# Solved: Belkin Router/Cannot connect to http://192.168.0.1/



## MayaElizabeth (May 5, 2009)

I have looked at tons of forums where they have not been able to access http://192.168.0.1/. Most of them have been solved but following what they did hasn't worked for me. My mother was on http://192.168.0.1/ and she set up some sort of security on our router (which is Belkin by the way Belkin_N_Wireless_209CAD). Since she changed it we haven't been able to connect to the internet through our router. When we try to connect this is what shows up.

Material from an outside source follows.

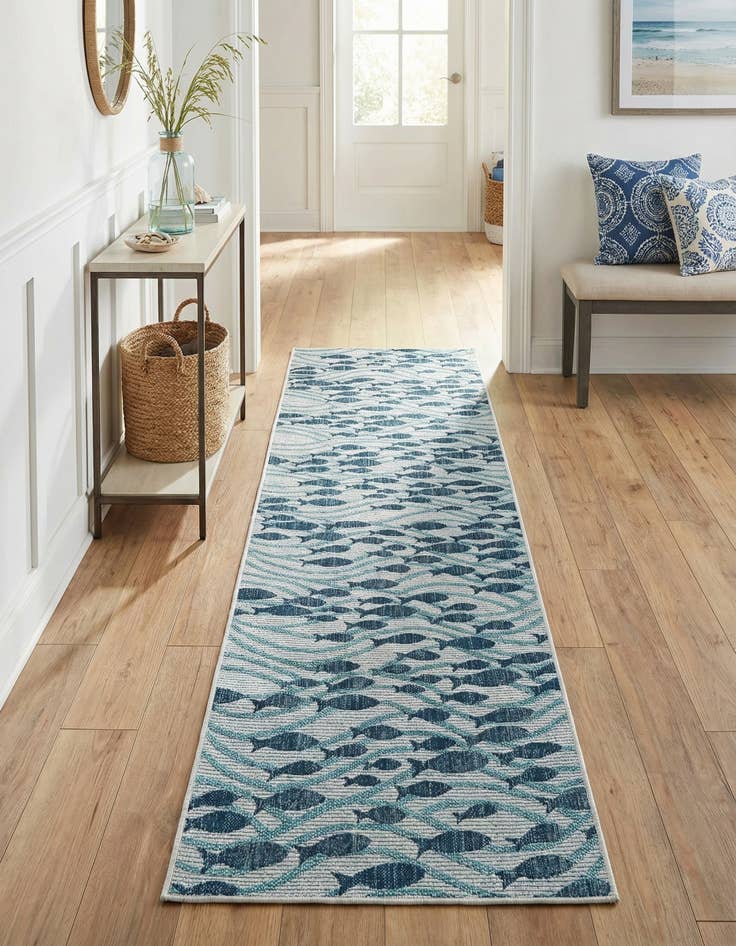 Detail image of  2' 7 x 12'  Washable Coastal Indoor / Outdoor Runner Rug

(By the way, I'm only fourteen so I am QUITE confused by even the things I'm trying to do. But I'm the only one in this household who knows _anything _about computers)

I tried *S*tart -> *R*un -> *CMD* and typing in *ipconfig /all.* I was looking at another forum where someone posted what they got back. My results looked nothing like that. I cannot even tell what my IP adress is through that sequence of events.

Right now I'm on here because I am manually connected to the router through a wire. That's the only way that I can connect. I'm not sure what to do. So if you can help me, well... Please do!

(This is what comes up when I type in ipconfig /all)
Microsoft Windows [Version 6.0.6001]
Copyright (c) 2006 Microsoft Corporation. All rights reserved.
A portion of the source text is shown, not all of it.